Não me recordo de algum clube constituído na forma de associação de fins não econômicos que tenha pleiteado a recuperação judicial antes da Lei da SAF. É verdade que Lei nº 11.101, de 9 de fevereiro de 2005, conhecida como Lei de Recuperação de Empresas e Falência, não admite a utilização do mecanismo por associações de fins não econômicos, mas existem precedentes contrariando o texto legal, ou seja, era factível que algum clube buscasse amparo na jurisprudência para se valer do referido instituto jurídico.
De qualquer forma, o fato é que a Lei da SAF pavimentou o caminho para que os clubes associativos utilizem a recuperação judicial como “modo de quitação das obrigações” e essa medida tem se tornado bastante comum no futebol brasileiro.

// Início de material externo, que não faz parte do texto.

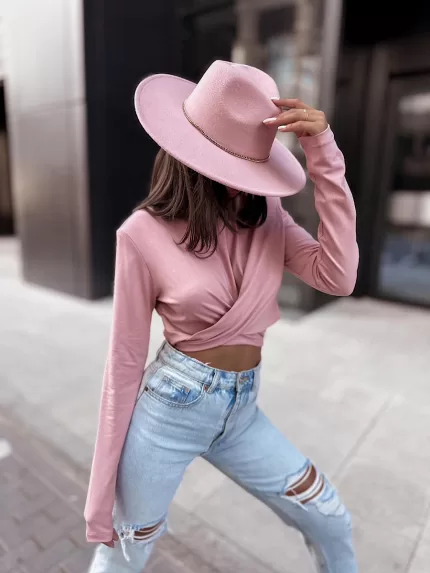 Różowa bluzka wiązana w pasie LaMilla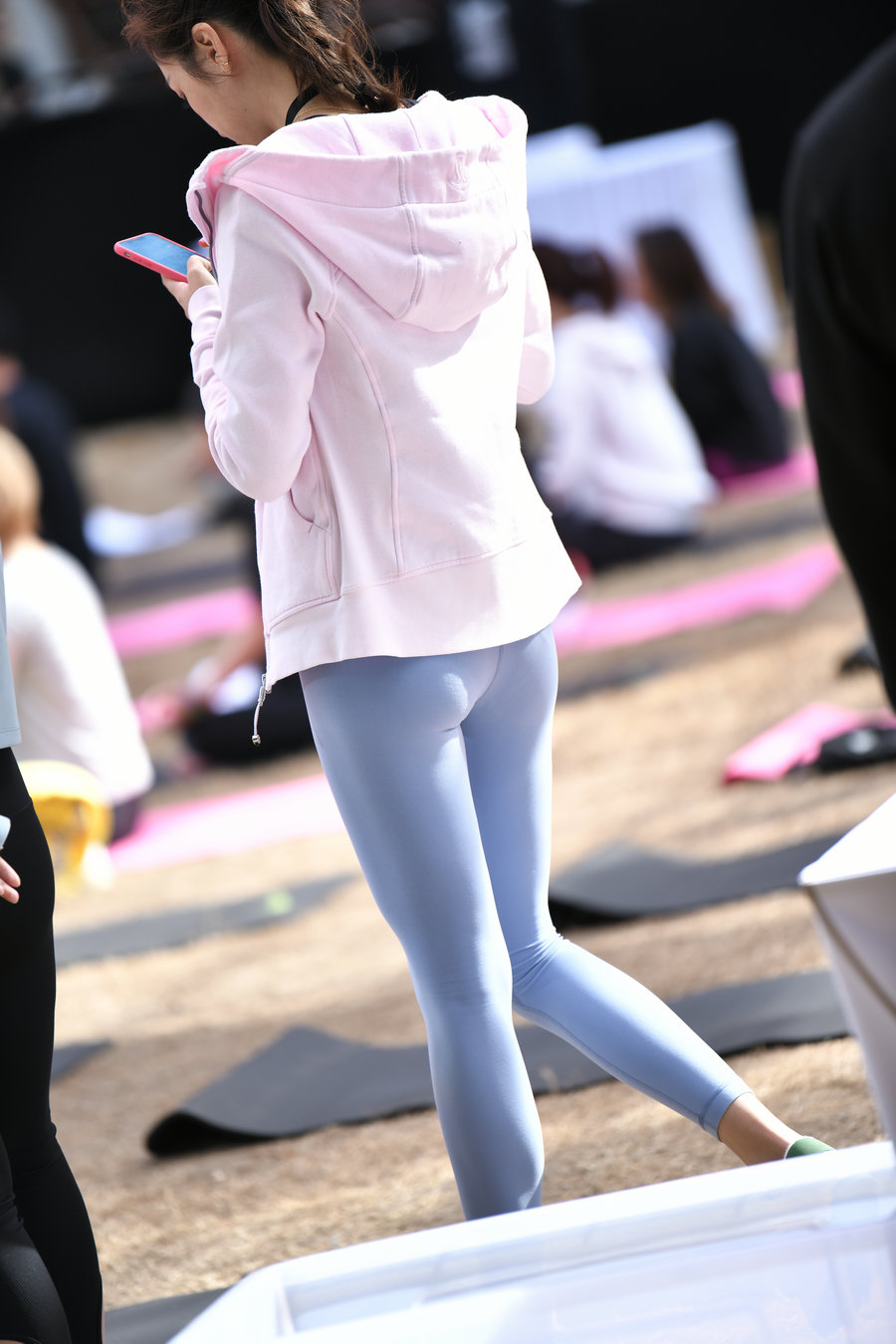 图片[3]-在广场看热闹的瑜伽裤女人-开心图库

Ocorre que a recuperação judicial não é um instrumento jurídico a ser utilizado em qualquer situação, simplesmente para fazer cessar as constrições que recaem diariamente sobre os clubes endividados, que, aliás, nem sempre se ocupam de evitar a constituição de novas dívidas. A recuperação judicial é um instituto jurídico bastante complexo, com consequências relevantes para todos os envolvidos, a ser utilizado somente em situações excepcionais.
Em linhas gerais, o processo de recuperação judicial tem como protagonista o plano de recuperação judicial que, se não for aprovado pela assembleia geral de credores ou se for descumprido, acarretará a convolação da recuperação judicial em falência, de acordo com a Lei de Recuperação de Empresas e Falência.
Como é recente a utilização do mecanismo da recuperação judicial pelos clubes de futebol, ainda não temos as estatísticas de quantas são convoladas em falência, ou seja, quantos processos de recuperação judicial não atingem o seu objetivo de efetivamente reestruturar a pessoa jurídica devedora e terminam com a decretação da falência.
Como parâmetro para este brevíssimo texto, invoca-se levantamento feito pelo Observatório de Insolvência da PUC/SP, divulgado pelo Portal UOL[1], antes da vigência da Lei das SAF, que considerou os pedidos de recuperação judicial feitos no Estado de São Paulo entre 2010 e 2018, indicando que apenas 18,2% obtiveram sucesso de reestruturam a empresa, enquanto 24,8% tiveram a sua falência decretada. As demais empresas lutavam contra a decretação da falência, protelando o processo de recuperação judicial enquanto não conseguiam a efetiva reestruturação.
Se as estatísticas forem confirmadas, não deve demorar para que clubes centenários do futebol brasileiro que iniciaram o processo de recuperação judicial tenham a sua falência decretada, infelizmente, submetendo os seus dirigentes às consequências previstas na Lei de Recuperação de Empresas e Falência, desde a responsabilidade pessoal até a apuração de crimes falimentares.
Até a próxima.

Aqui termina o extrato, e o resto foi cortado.